* **WHAT THE TASK REQUIRES**
Please reproduce the entries below exactly from the line with "86 Thesiger Street Floor Plan.jpg" through their last line, leaving out any pictures.

* **RECORDS FOR THE EXERCISE**
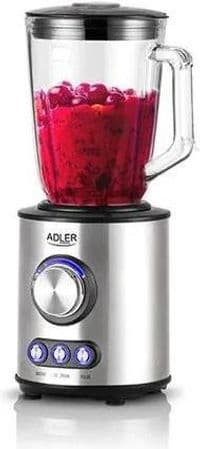 Блендер Adler AD 4078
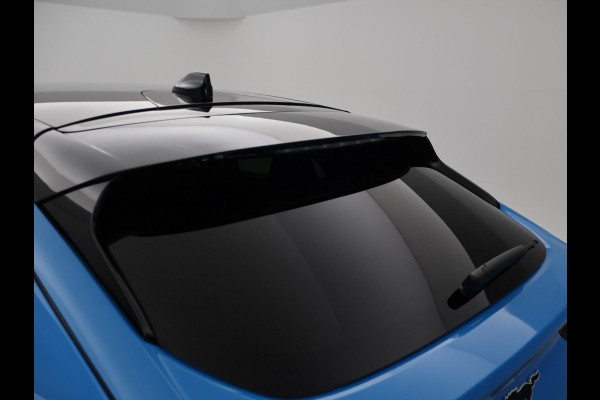 Ford Mustang Mach-E EXTENDED 98 kWh AWD 337 PK FIRST EDITION + 21 INCH | B&O | PANORAMA | LEDER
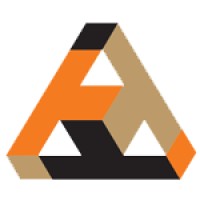 PT. TRIFACO PROPERTI logo - Similar company to Properti Edge Solutions Inc.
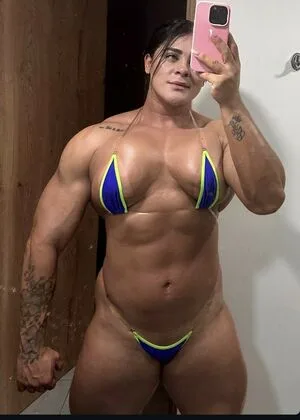 Kyle Camns OnlyFans Leaked Free Thumbnail Picture - #r96M3187CD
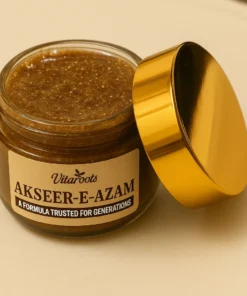 Akseer-e-Azam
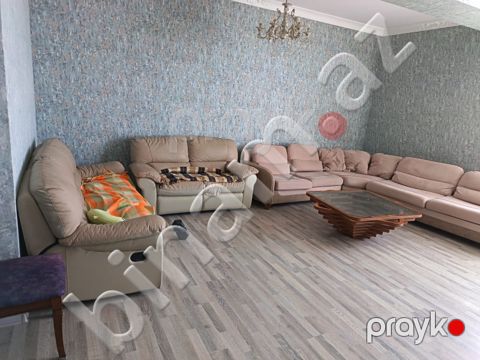 3 otaqlı Yeni tikili, Satış, Bakı, Suraxanı — Bakı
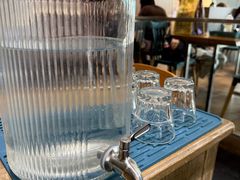 -小泉居(水坑尾店 )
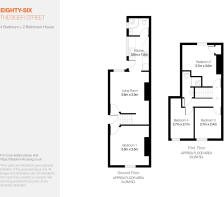 86 Thesiger Street Floor Plan.jpg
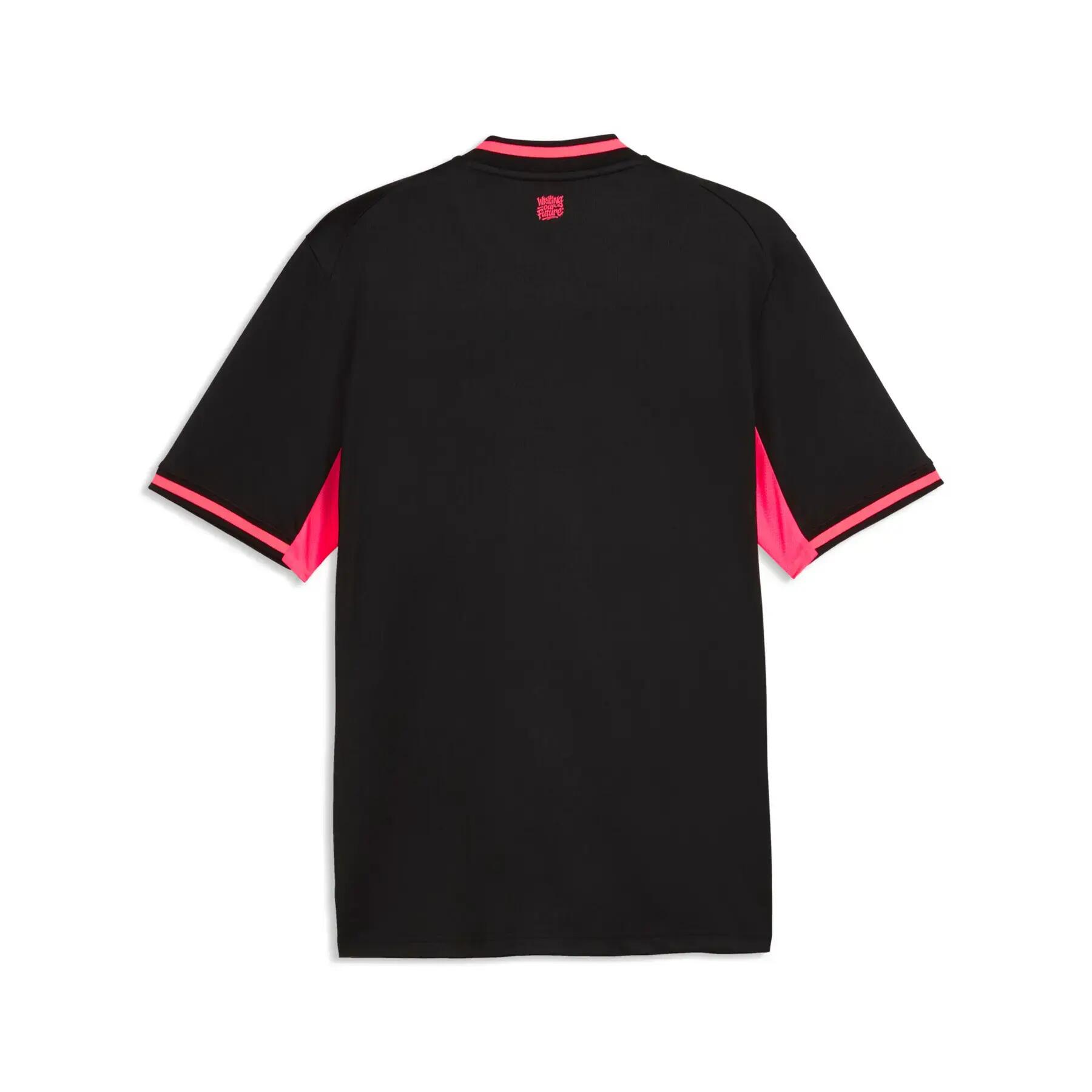 Maillot Third Parme Calcio 1913 2026/27 2/6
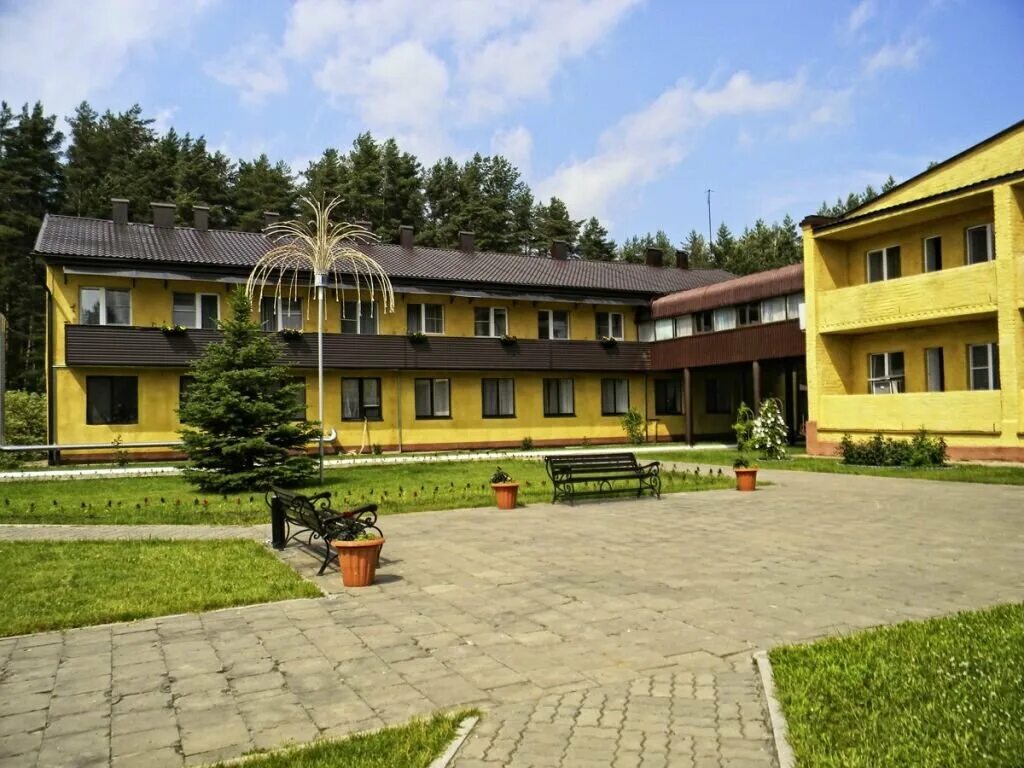 дом отдыха лесная сказка. профилакторий лесная сказка в бердске. пансионат лесная сказка бердск. санаторий лесная сказка омутнинск. санаторий лесная сказка бердск.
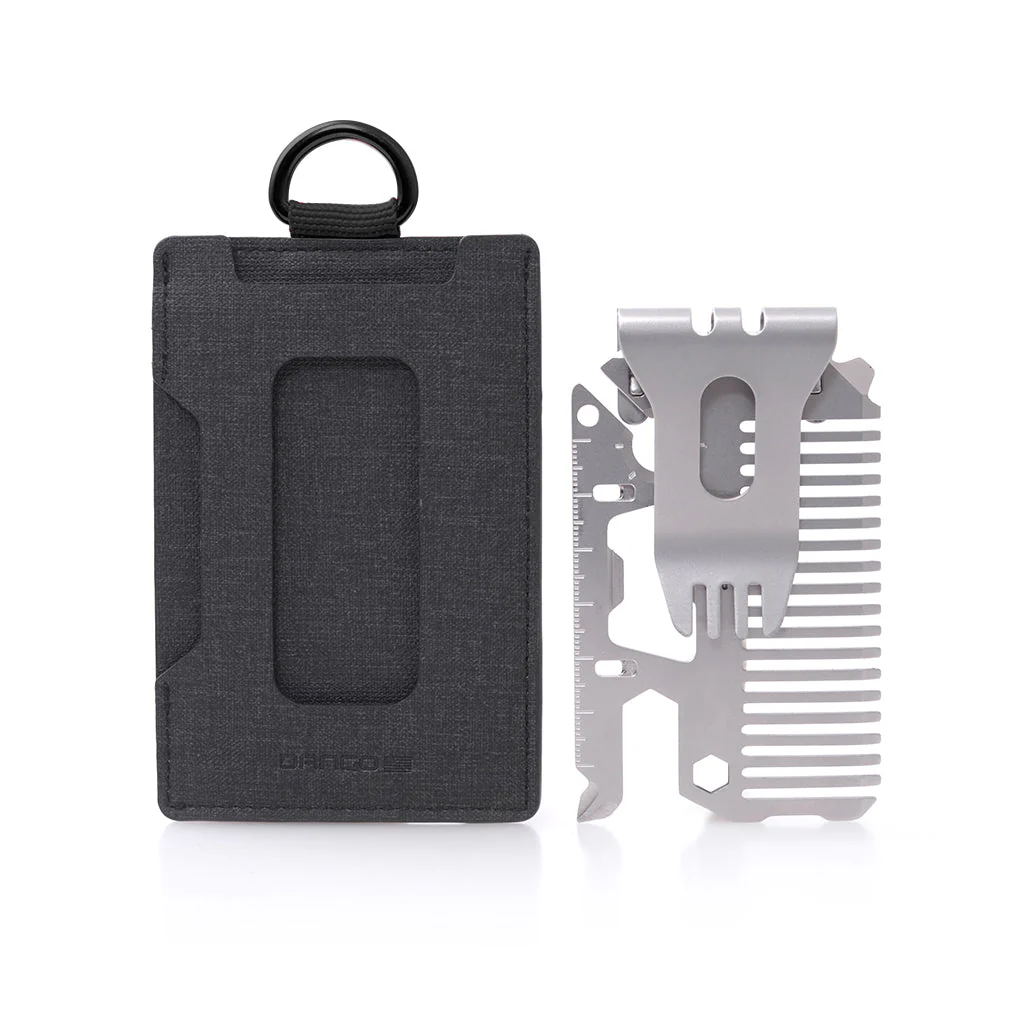 S1 Stealth™ Wallet & MT03 Bundle - Image 4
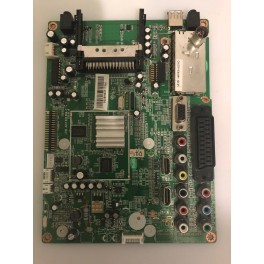 main board jug7.820.886-2 2010.09.29 920b1b3017590 tv Oki B22E-LED1
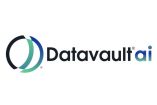 Datavault AI Inc. (NASDAQ: DVLT), anunció hoy la ejecución de un acuerdo de colaboración con TBURN Chain Foundation ("TBURN"), una plataforma de infraestructura blockchain de alto rendimiento.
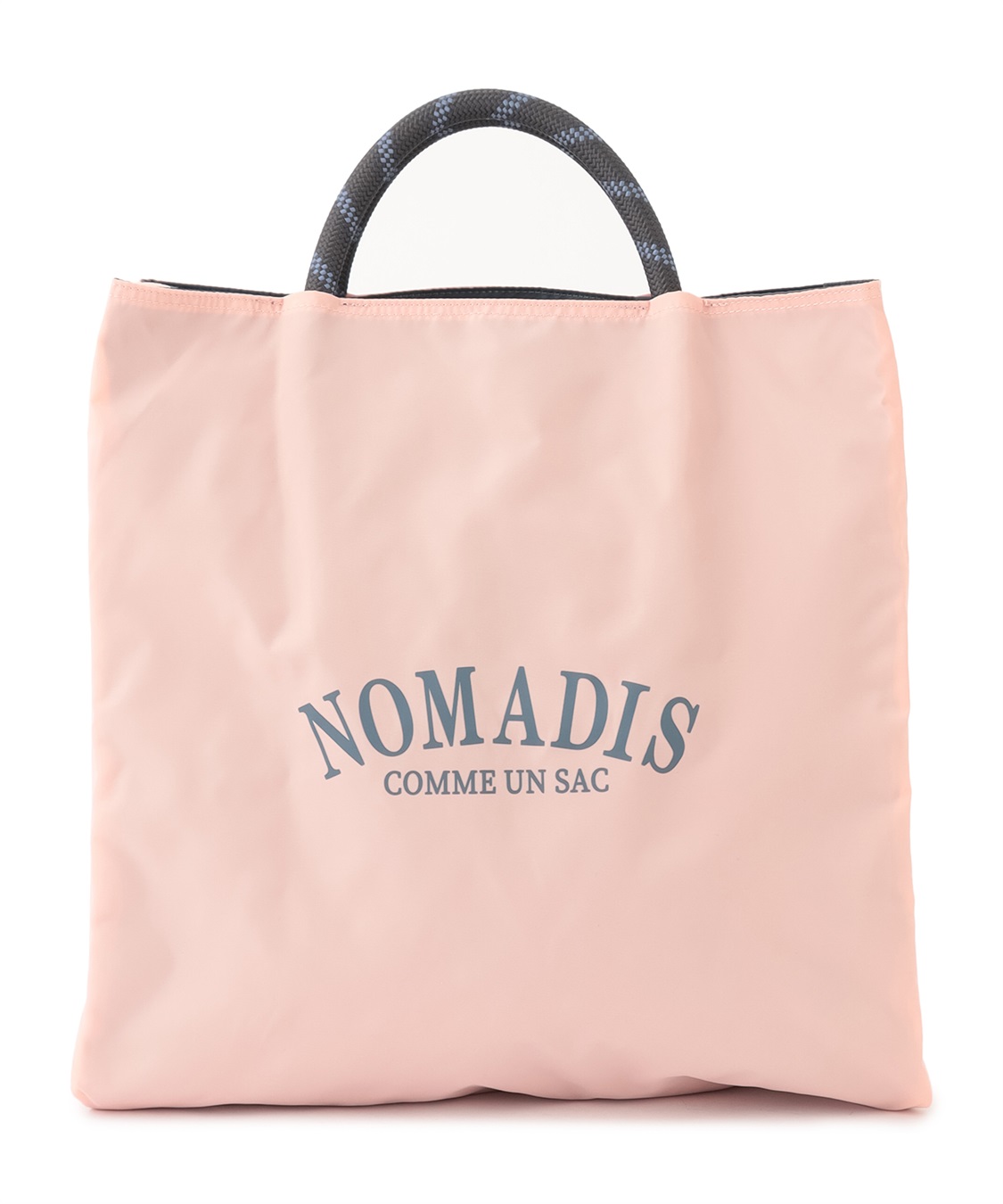 NOMADIS】SAC2/16 N.O.R.C｜クロスプラス公式通販サイト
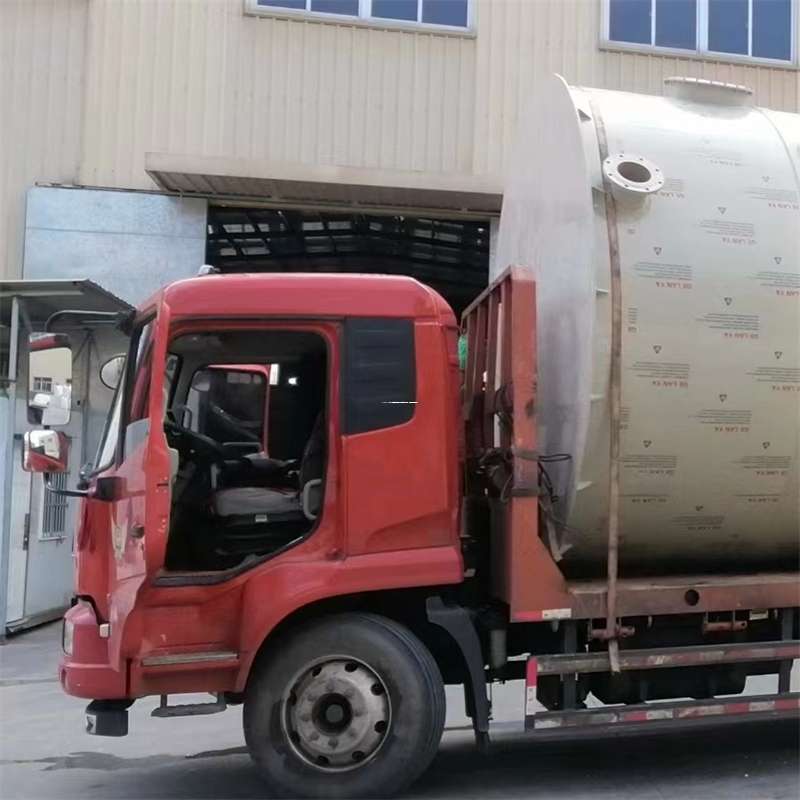 内蒙古乌海乌达至黑龙江货运专线一站式物流服务，高效便捷直达全境（黑龙江专线物流查询）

* **TASK RESPONSE**
 86 Thesiger Street Floor Plan.jpg
 Maillot Third Parme Calcio 1913 2026/27 2/6
 дом отдыха лесная сказка. профилакторий лесная сказка в бердске. пансионат лесная сказка бердск. санаторий лесная сказка омутнинск. санаторий лесная сказка бердск.
 S1 Stealth™ Wallet & MT03 Bundle - Image 4
 main board jug7.820.886-2 2010.09.29 920b1b3017590 tv Oki B22E-LED1
 Datavault AI Inc. (NASDAQ: DVLT), anunció hoy la ejecución de un acuerdo de colaboración con TBURN Chain Foundation ("TBURN"), una plataforma de infraestructura blockchain de alto rendimiento.
 NOMADIS】SAC2/16 N.O.R.C｜クロスプラス公式通販サイト
 内蒙古乌海乌达至黑龙江货运专线一站式物流服务，高效便捷直达全境（黑龙江专线物流查询）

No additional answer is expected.